One of the main criticisms (besides the ending) I had after reading Brady Udall’s The Lonely Polygamist was that I felt he’d taken the sensational and cheap way road into literature by writing about polygamy. Roth’s book asks the same question about a Jewish writer producing a story that deals with a fight over money.

I’ve ready so many entries over at  AML, Sunstone, Segullah and Exponent about these issues and for the first time I began to realize that great Jewish writers like Roth and Catholic writers like Graham Greene have explored these issues of writing literature where faith plays a predominant role in the motivations of the characters. There is much to learn here.

Back to the misogyny …. I gotta say I didn’t feel it as deeply as I expected. Yes, the main characters in both novels are men and the women seem to be the antagonists, but for the most part, the women are well-rounded, fully realized characters. The flaw is that so much of their characterization comes from sex.

I’m on to Ann Patchett‘s State of Wonder next. She’s one of the authors I get the most enjoyment out of reading and I’ve devoured all of her other books. I’m looking forward to the new one because this is a woman who gets plot, but writes damn well. Although no one seemed to have liked her last one, Run, it was among my favorites.

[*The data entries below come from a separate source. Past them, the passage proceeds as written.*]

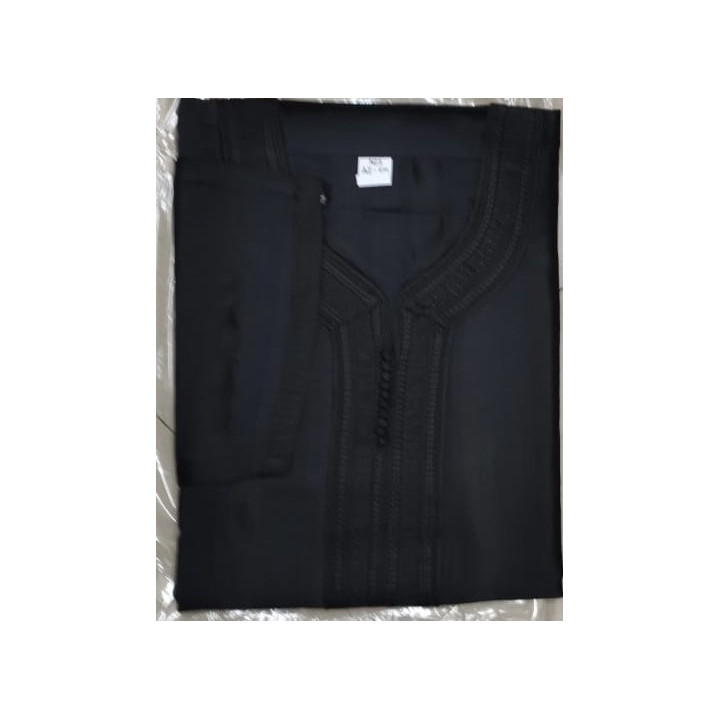 Gandoura marocaine jawhara - Noir / Broderie ton sur ton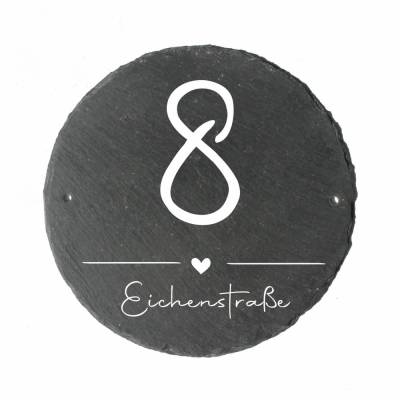 exklusive Hausnummer mit Zahl und Straßenname personalisiert, rundes Hausnummernschild, wetterfestes Adressschild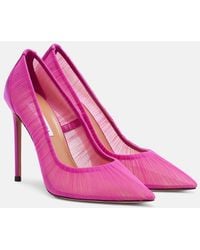 Aquazzura - Voile 105 Satin-Trimmed Tulle Pumps - Lyst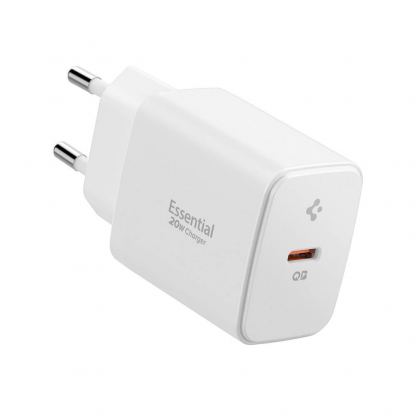 Захранване за ел. мрежа с USB-C изход с технология за бързо зареждане - Spigen Essential Wall Charger PD 20W (бял) 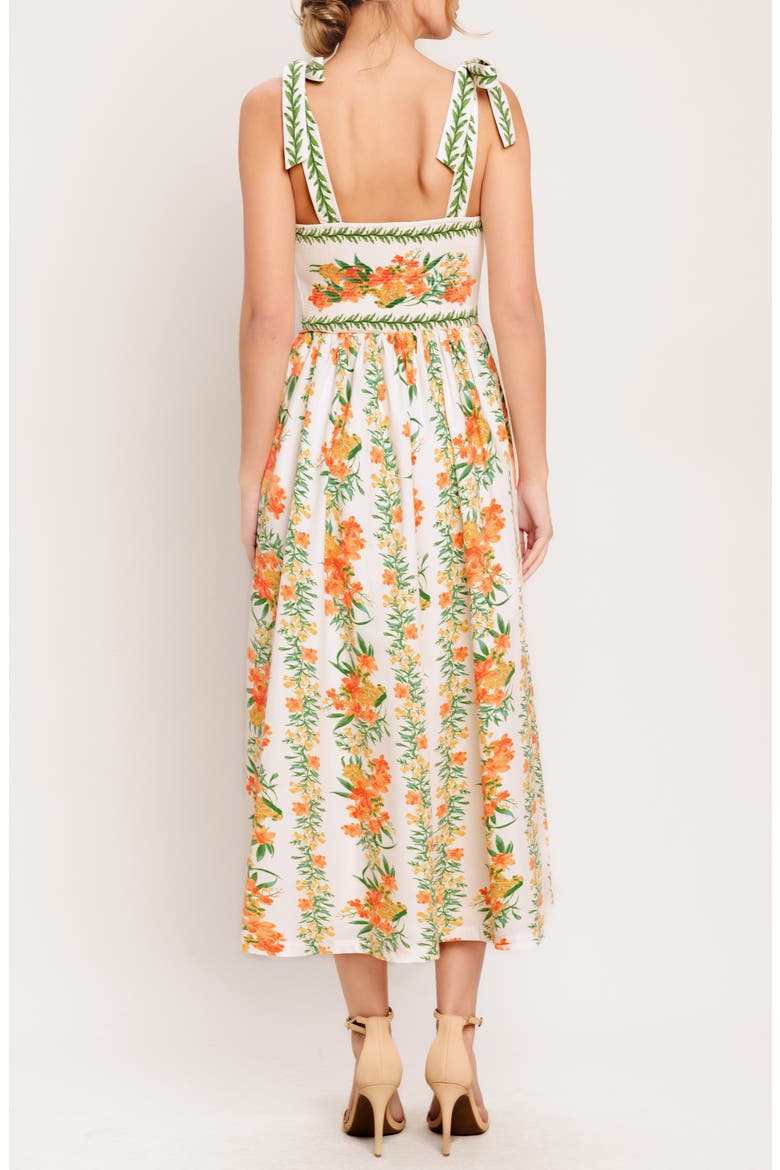 Floral Tie Strap Midi Sundress, Alternate, color, IVORY MULTI FLORAL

I’ve also started reading Rebeca Makkai’s The Borrower, a novel by a debut writer who I went to college with. We had the same creative writing teacher and were both  published in our college’s literary magazine. The similarity ends there as she’s published her short stories to much acclaim in several well-respected journals and the Best of series four years in a row. Her novel is getting blurbs everywhere (Oprah, NYT) and I’m thrilled for her. I’m twenty pages in and so far it is an excellent, a grown up/twenty-first century version of Matilda.

 

 

 

 

Between the lines

I’m giving Hemingway another chance. In the past, I’d dismissed him, like so many other male writers, for being too masculine to hold my interest. Also it seems like his female characters are mere caretakers, put on the page to serve the needs of the male protagonist.

However, I recently have become obsessed with Jennifer Eagen’s short story (also a chapter from Visit From the Goon Squad) Safari and decided to re-read Hemingway’s The Short Happy Life of Francis Macomber because Eagen’s story is an atavism of sorts of Hemingway’s story. I’d also taught Hills For White Elephants recently and having enjoyed reading both short stories decided to go back to one of his novels.

I picked The Sun Also Rises and I”m about a third of the way through it. So far, I think I’d like to write a book of my own made up of all the exposition that Hemingway has excised.  I’m not sure if Hemingway originated the theory of the iceberg, but he exhausts the reader with his employ of it.

There are dozens of delicately written scenes in which characters talk around the fact that Jake Barnes in impotent, but there is no exposition that gives it that directly to the reader. I desperately wanted there to be a line in the first pages of the book that said something to the effect of Jake Barnes lost his penis fighting on the Italian front during the war.  But this book was not written in 2011 and there is little direct talk about the actual mechanics of Jake’s war wound.

The sparseness of the dialogue is good, although sometimes it can be clunky. I prefer the descriptions of fishing from A River Runs Through It, but despite my earlier assessment of Hemingway’s inability to write realistic female characters, I find Lady Brett Ashley to be quite interesting. I’m a little troubled by her motivations and wonder at the whole conceit that romantic love has to have a physical component.

I’m also learning new slang–evidently to be tight is to be drunk.